Morat singles chronology
|  | "Mi Nuevo Vicio" (2015) | "Cuánto Me Duele" (2015) |

Music video
- "Mi Nuevo Vicio" ft. Morat (Video Oficial) on YouTube

= Mi Nuevo Vicio =

"Mi Nuevo Vicio" (My New Vice) is a song by Mexican singer Paulina Rubio, featuring Morat, a Colombian band. It was released on 27 January 2015 by Universal Music Spain, and was later included on the track list of her eleventh studio album, Deseo (2018). The song was written by Juan Pablo Isaza, Juan Pablo Villamil, Simón Vargas, Alejandro Posada and Mauricio Rengifo, and produced by Sky Adams, Carlos Paucar and Rengifo. Musically, "Mi Nuevo Vicio" is a departure from her usual latin pop sound, and adapts to Colombian rumba with elements of rock pop. Lyrically, this talks about how genuine feelings develop during a love affair.

"Mi Nuevo Vicio" received critical acclaim from music critics, many whom praised the song's production. Commercially, the track reached number one in Mexico and Spain and the top ten in regions such as Latin America and Dominican Republic. It also appeared on the US Latin Airplay. Additionally, the song was certified double platinum by the Productores de Música de España for sales exceeding 80,000 units, and gold by the Asociación Mexicana de Productores de Fonogramas y Videogramas for 30,000 units.
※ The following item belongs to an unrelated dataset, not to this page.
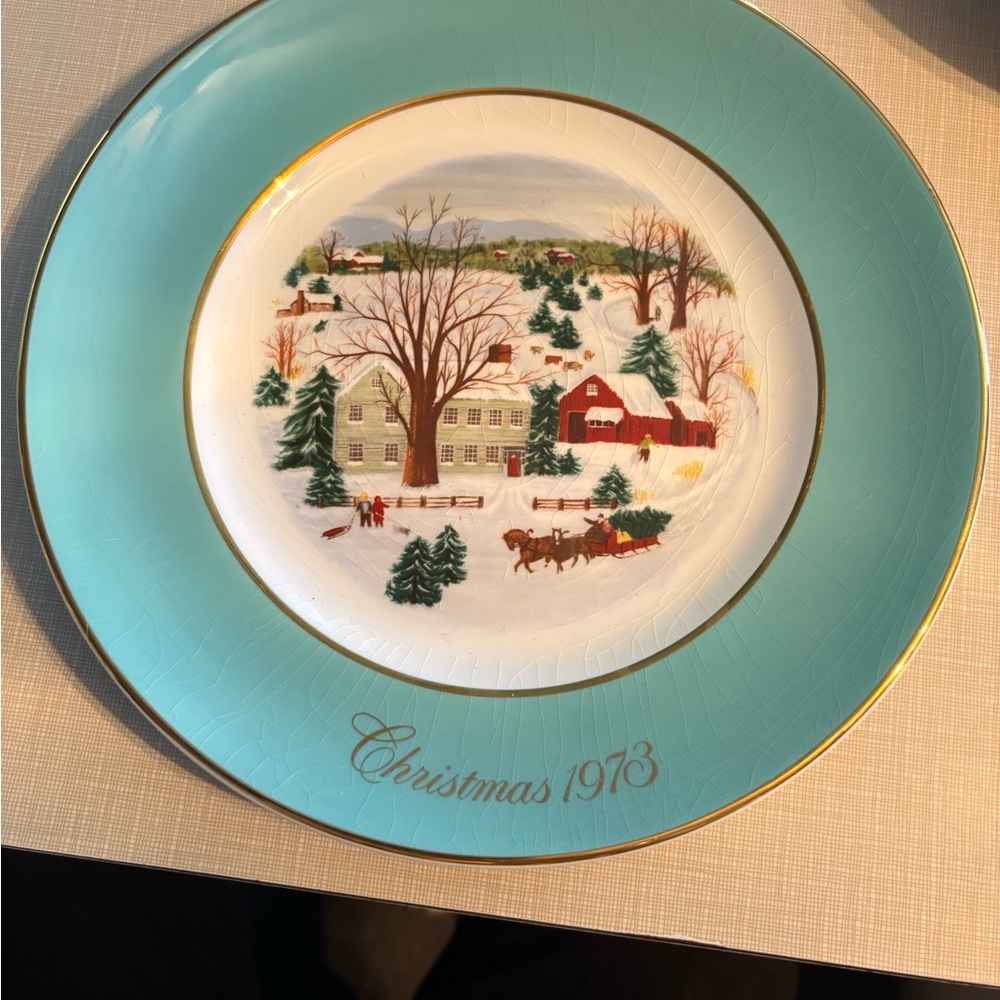 Avon Christmas 1973 Decorative Plate - first edition Christmas on the farm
The music video features Rubio dancing in a club with her love interest and then waking up with him in bed, over and over again. She also sings on a stage with Morat. To promote the single, Rubio performed the song at several gigs and shows including La Noche De Cadena 100, La Voz Spain, the Tu Mundo Awards, Telehit Awards, and on her Deseo tour.

==Music video==
The music video for "Mi Nuevo Vicio" premiered on Rubio's channel on YouTube and VEVO. In the video, she can be seen rocking out with Morat in a packed club, then she routinely finds herself in the bed of a handsome man (played by Brazilian model Andre Costa) every morning afterword.

A review by Billboard staff described the Rubio's music video role as player "with boys who are younger, but not necessarily better, for her", and compared her to Anne Bancroft in the 1967 film The Graduate, where the American actress plays the role of Mrs. Robinson.

== Track listing ==
- Digital download
1. "Mi Nuevo Vicio" -

== Charts ==

===Weekly charts===

| Chart (2015–2017) | Peak position |
|---|---|
| Dominican Republic Pop (Monitor Latino) | 10 |
| Ecuador (National-Report) | 66 |
| Mexico (Billboard Mexico Airplay) | 22 |
| Mexico (Monitor Latino) | 16 |
| Mexico Pop (Monitor Latino) | 1 |
| Spain (PROMUSICAE) | 2 |
| Spain Digital Song Sales (Billboard) | 1 |
| US Latin Airplay (Billboard) | 42 |
| US Latin Pop Airplay (Billboard) | 12 |
| US Pop (Monitor Latino) | 11 |

===Year-end charts===

| Chart (2015) | Position |
|---|---|
| Dominican Republic Pop (Monitor Latino) | 20 |
| Mexico Pop (Monitor Latino) | 4 |
| Spain (PROMUSICAE) | 12 |
| US Latin Pop Songs (Billboard) | 44 |

| Chart (2016) | Position |
|---|---|
| Dominican Republic Pop (Monitor Latino) | 75 |
| Panama Pop (Monitor Latino) | 67 |

== Certifications ==

| Region | Certification | Certified units/sales |
| Mexico (AMPROFON) | Gold | 30,000^{‡} |
| Spain (Promusicae) | 2× Platinum | 80,000 |
^{‡} Sales+streaming figures based on certification alone.